■ Task goal:
From the first line of the listing below to the line with "Let me talk", print each line exactly, and nothing more. Leave out the pictures.

───── Data supplied ─────

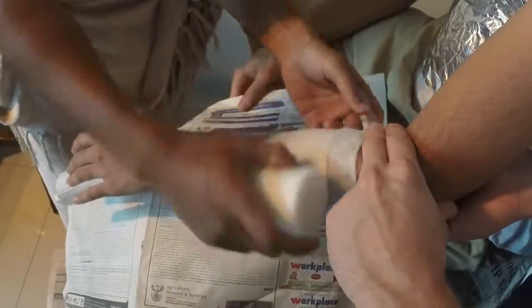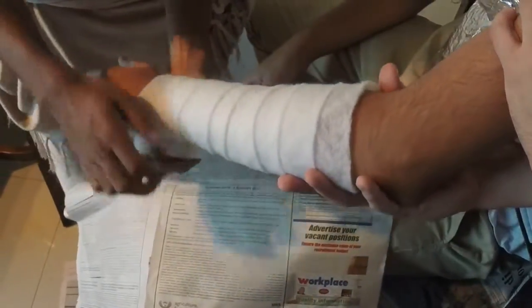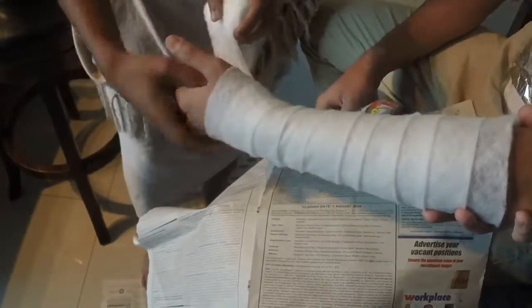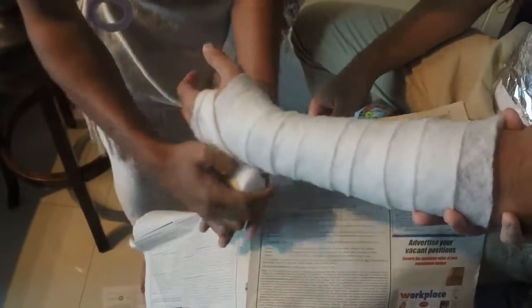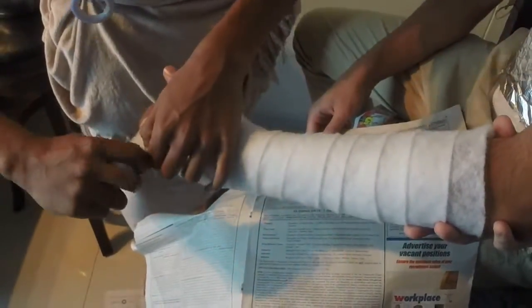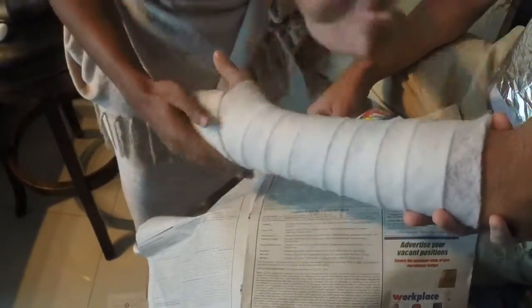It's important to start two centimetres below the elbow joint when applying the felt band for a below-elbow cast. The felt band should be applied in a 50-50 overlap fashion, as demonstrated in the video. Approximately one to two layers should provide sufficient padding, and it's important to take care to pad the bony prominences as well.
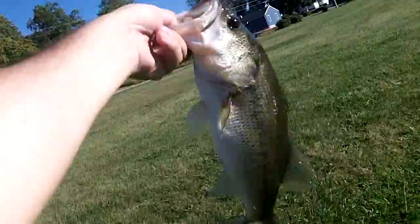Cool, nice easy release down here too. So there he is, that's a 2 pounder at least. These are heavy fish, he's 2 pounds.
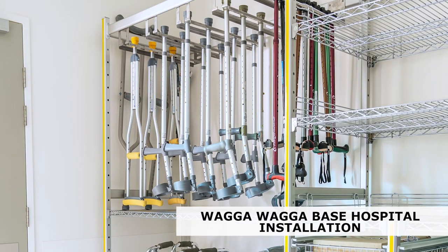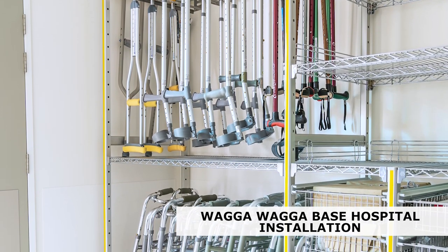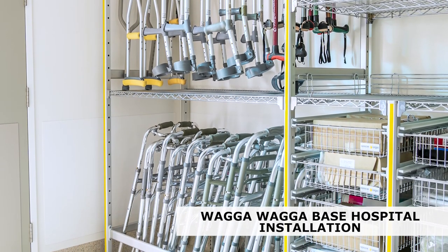In this example you can see a SteriRack orthopaedic storage system configured to store walking sticks, elbow crutches, auxiliary crutches, small parts, walking frames and cam boots.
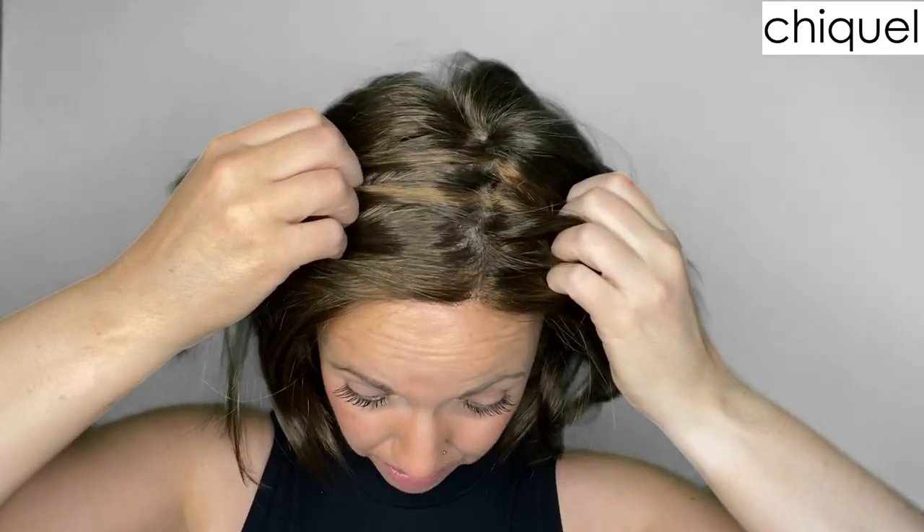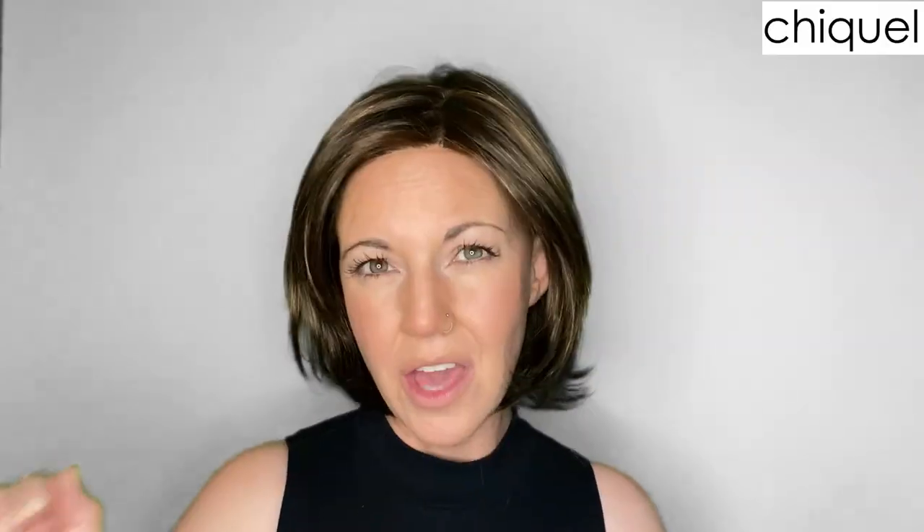Let me talk about the monofilament part. Having a monofilament part means that your part line is going to give you the illusion of hair growth right from your scalp. Usually on a monofilament part you're not often able to change the part without it looking too wiggy; however, on this one I feel like you can almost get away with changing the part anyway, because the rest of the cap is hand-tied and it still kind of works.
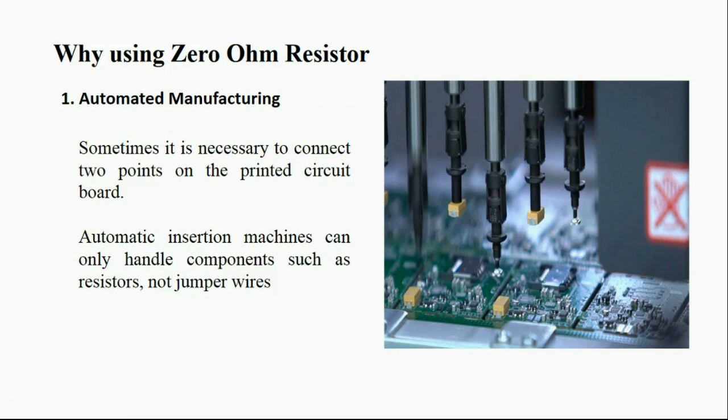The first reason is that for automated manufacturing, it is sometimes necessary to connect two points on a printed circuit board. Automatic insertion machines can only handle components such as resistors, not jumper wires, as you can also see in the picture.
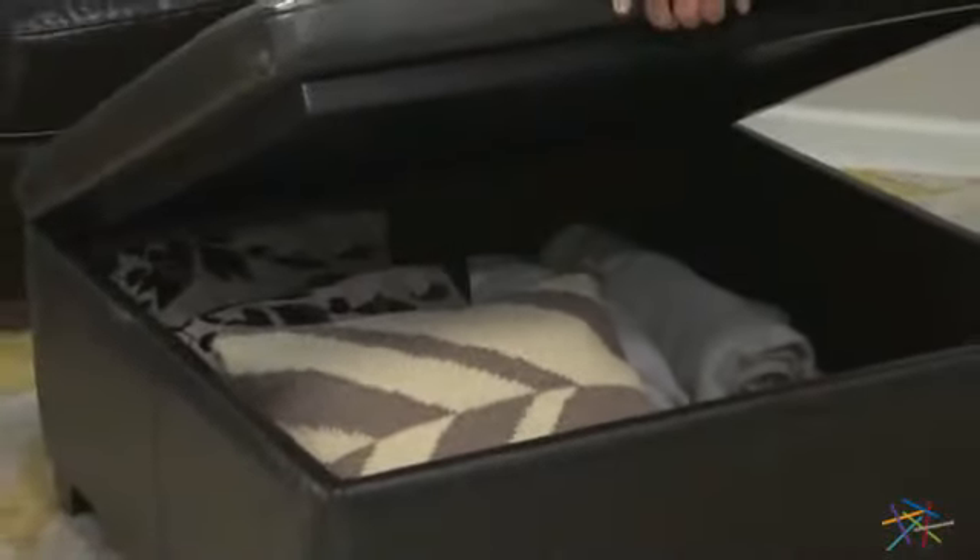Take the top off and enjoy a roomy interior, perfect for storing blankets, pillows, or anything that might otherwise clutter up your living space.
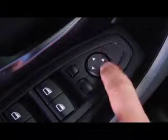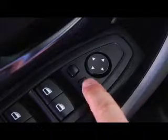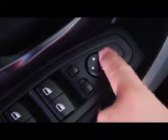To adjust the mirrors, use these controls on the driver's door armrest. This switch selects the driver or passenger side mirror, while this control adjusts the mirror angle.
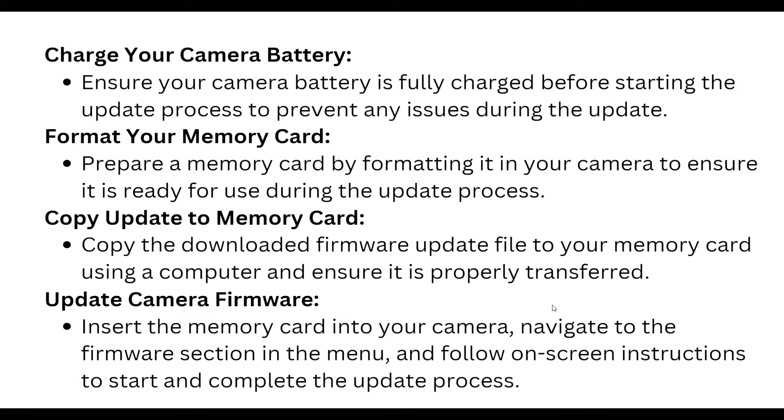Format your memory card by preparing it in your camera to ensure it is ready to use during the update process. Then copy the downloaded firmware update file to your memory card using the computer and ensure it is properly transferred.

─────

■ Exercise response:
It's important to start two centimetres below the elbow joint when applying the felt band for a below-elbow cast. The felt band should be applied in a 50-50 overlap fashion, as demonstrated in the video. Approximately one to two layers should provide sufficient padding, and it's important to take care to pad the bony prominences as well.
Cool, nice easy release down here too. So there he is, that's a 2 pounder at least. These are heavy fish, he's 2 pounds.
In this example you can see a SteriRack orthopaedic storage system configured to store walking sticks, elbow crutches, auxiliary crutches, small parts, walking frames and cam boots.
Let me talk about the monofilament part. Having a monofilament part means that your part line is going to give you the illusion of hair growth right from your scalp. Usually on a monofilament part you're not often able to change the part without it looking too wiggy; however, on this one I feel like you can almost get away with changing the part anyway, because the rest of the cap is hand-tied and it still kind of works.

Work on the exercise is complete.